The group’s principal financial exposures are to movements in currency exchange rates. These comprise transaction exposures arising from currency cash flows and translation exposures arising from the conversion of the results of foreign subsidiaries. Transaction exposures are hedged on a rolling six-month basis, primarily by forward foreign exchange transactions. In addition, where sterling has deviated significantly from its long-term purchasing power parity rates, strategic hedging is undertaken for periods of up to three years. We took advantage of the strength of the US dollar in the early months of the year, by selling forward a proportion of our anticipated US dollar income for the next three years in accordance with our strategic hedging policy.Translation exposures on the net monetary assets of foreign subsidiaries are generally hedged by borrowings and deposits with group treasury. An analysis of net monetary assets by functional currency is shown in note 20 to the financial statements (PDF). Translation exposures on the results of foreign subsidiaries are not hedged. Equity investments in certain subsidiaries and associated companies are hedged by financial instruments in the currencies of those investments.

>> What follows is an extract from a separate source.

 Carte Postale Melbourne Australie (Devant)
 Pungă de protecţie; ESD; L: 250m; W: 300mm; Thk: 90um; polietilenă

During 2002, reported sales growth in sterling was adversely impacted by the weakening of the dollar and the yen against sterling, but the impact on reported profit before tax was neutral as a result of the currency hedging programme. Assuming current rates of exchange prevail for the remainder of 2003, there will be an adverse impact on Amersham’s sales of £40 million and on profit before tax of £30 million.